Task objective:
In the listing below, a line holding "กันสนิม แข็งแรง ทนทาน" and a line holding "Peru Tie Dye Map Country" mark the range. Retype both exactly, with all lines between them.

Entries provided:

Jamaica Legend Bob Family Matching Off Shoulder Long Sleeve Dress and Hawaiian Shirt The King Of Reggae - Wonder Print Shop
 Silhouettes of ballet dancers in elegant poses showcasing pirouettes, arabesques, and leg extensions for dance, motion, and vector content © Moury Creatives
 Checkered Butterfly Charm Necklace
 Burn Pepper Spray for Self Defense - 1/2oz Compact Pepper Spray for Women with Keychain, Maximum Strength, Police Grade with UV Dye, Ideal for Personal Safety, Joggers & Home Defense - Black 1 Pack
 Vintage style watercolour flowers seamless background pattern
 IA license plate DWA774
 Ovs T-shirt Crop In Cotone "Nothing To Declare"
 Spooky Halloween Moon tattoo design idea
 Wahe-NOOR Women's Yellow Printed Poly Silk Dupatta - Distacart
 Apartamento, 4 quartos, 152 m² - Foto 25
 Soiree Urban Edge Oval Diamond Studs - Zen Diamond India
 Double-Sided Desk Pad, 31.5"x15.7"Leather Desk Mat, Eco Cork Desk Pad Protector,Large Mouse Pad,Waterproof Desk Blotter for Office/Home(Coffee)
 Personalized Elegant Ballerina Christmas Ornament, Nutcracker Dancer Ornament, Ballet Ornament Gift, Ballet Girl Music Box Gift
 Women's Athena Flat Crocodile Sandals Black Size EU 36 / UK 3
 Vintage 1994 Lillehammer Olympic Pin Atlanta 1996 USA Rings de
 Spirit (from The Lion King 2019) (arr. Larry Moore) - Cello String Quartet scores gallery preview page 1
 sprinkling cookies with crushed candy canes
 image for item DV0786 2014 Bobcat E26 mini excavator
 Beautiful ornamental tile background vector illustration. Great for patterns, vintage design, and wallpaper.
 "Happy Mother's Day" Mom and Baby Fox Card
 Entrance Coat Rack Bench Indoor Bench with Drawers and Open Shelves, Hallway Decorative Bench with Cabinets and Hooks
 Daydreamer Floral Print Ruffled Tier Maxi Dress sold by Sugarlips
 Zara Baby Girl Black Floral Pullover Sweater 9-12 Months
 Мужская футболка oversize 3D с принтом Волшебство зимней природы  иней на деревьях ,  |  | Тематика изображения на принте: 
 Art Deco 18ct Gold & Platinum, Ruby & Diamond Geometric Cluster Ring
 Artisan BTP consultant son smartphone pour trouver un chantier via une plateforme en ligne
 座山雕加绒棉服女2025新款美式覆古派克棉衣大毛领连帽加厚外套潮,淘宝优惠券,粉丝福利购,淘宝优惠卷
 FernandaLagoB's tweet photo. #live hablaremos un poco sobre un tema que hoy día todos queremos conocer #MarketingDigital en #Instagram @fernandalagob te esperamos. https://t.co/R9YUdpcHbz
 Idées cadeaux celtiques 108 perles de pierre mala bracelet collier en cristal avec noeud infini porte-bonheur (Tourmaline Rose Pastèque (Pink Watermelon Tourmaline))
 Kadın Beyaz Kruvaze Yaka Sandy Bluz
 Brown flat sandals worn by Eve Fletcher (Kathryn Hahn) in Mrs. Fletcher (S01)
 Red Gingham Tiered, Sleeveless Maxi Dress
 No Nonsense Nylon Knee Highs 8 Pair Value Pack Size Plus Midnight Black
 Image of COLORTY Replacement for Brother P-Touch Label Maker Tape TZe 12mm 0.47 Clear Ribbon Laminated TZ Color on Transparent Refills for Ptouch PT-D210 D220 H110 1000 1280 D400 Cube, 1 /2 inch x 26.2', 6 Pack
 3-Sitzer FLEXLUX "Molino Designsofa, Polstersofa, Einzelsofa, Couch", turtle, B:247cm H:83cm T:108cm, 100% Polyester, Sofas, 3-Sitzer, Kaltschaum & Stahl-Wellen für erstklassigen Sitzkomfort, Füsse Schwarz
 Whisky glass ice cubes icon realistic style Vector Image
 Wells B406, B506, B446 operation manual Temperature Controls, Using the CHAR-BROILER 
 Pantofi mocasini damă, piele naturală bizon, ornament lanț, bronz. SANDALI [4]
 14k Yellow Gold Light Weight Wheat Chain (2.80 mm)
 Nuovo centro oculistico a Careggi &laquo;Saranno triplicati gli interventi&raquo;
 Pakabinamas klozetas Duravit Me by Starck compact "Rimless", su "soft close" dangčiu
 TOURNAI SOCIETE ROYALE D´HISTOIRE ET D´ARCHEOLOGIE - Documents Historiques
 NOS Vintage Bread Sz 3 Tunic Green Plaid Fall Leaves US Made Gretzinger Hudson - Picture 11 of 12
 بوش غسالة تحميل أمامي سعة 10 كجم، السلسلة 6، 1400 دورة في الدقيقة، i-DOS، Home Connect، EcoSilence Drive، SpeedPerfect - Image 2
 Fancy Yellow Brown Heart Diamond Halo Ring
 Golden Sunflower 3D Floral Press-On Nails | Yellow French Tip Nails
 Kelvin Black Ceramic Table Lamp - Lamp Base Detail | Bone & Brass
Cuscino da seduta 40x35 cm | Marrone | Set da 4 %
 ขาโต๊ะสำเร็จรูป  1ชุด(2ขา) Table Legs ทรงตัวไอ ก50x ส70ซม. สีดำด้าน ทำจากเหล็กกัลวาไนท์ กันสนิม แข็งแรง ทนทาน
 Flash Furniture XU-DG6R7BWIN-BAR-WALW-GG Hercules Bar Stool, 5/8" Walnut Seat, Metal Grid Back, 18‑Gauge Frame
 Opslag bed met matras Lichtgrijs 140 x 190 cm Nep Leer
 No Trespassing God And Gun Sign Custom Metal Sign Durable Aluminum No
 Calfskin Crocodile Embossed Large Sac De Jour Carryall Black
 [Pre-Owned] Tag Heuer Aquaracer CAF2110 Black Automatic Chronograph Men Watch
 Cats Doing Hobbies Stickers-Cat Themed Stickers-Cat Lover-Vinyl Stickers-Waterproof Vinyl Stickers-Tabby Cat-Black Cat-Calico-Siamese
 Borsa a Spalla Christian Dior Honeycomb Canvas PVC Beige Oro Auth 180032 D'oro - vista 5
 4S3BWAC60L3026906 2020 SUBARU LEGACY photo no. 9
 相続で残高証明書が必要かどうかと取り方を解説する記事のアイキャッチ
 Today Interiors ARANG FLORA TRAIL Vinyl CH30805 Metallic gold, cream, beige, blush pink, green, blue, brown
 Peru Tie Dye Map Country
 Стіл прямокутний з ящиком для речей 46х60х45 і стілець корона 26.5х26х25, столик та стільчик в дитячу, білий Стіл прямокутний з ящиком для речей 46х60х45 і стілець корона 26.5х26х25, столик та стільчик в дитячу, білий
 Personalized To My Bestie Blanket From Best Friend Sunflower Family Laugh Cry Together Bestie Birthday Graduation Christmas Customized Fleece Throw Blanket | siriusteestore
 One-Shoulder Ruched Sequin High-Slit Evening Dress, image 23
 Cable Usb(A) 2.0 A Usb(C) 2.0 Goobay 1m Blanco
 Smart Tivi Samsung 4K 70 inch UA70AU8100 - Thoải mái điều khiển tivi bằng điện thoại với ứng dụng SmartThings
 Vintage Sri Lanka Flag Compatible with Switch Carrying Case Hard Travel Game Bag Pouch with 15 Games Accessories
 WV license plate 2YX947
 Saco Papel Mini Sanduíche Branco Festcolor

Solution for this task:
 ขาโต๊ะสำเร็จรูป  1ชุด(2ขา) Table Legs ทรงตัวไอ ก50x ส70ซม. สีดำด้าน ทำจากเหล็กกัลวาไนท์ กันสนิม แข็งแรง ทนทาน
 Flash Furniture XU-DG6R7BWIN-BAR-WALW-GG Hercules Bar Stool, 5/8" Walnut Seat, Metal Grid Back, 18‑Gauge Frame
 Opslag bed met matras Lichtgrijs 140 x 190 cm Nep Leer
 No Trespassing God And Gun Sign Custom Metal Sign Durable Aluminum No
 Calfskin Crocodile Embossed Large Sac De Jour Carryall Black
 [Pre-Owned] Tag Heuer Aquaracer CAF2110 Black Automatic Chronograph Men Watch
 Cats Doing Hobbies Stickers-Cat Themed Stickers-Cat Lover-Vinyl Stickers-Waterproof Vinyl Stickers-Tabby Cat-Black Cat-Calico-Siamese
 Borsa a Spalla Christian Dior Honeycomb Canvas PVC Beige Oro Auth 180032 D'oro - vista 5
 4S3BWAC60L3026906 2020 SUBARU LEGACY photo no. 9
 相続で残高証明書が必要かどうかと取り方を解説する記事のアイキャッチ
 Today Interiors ARANG FLORA TRAIL Vinyl CH30805 Metallic gold, cream, beige, blush pink, green, blue, brown
 Peru Tie Dye Map Country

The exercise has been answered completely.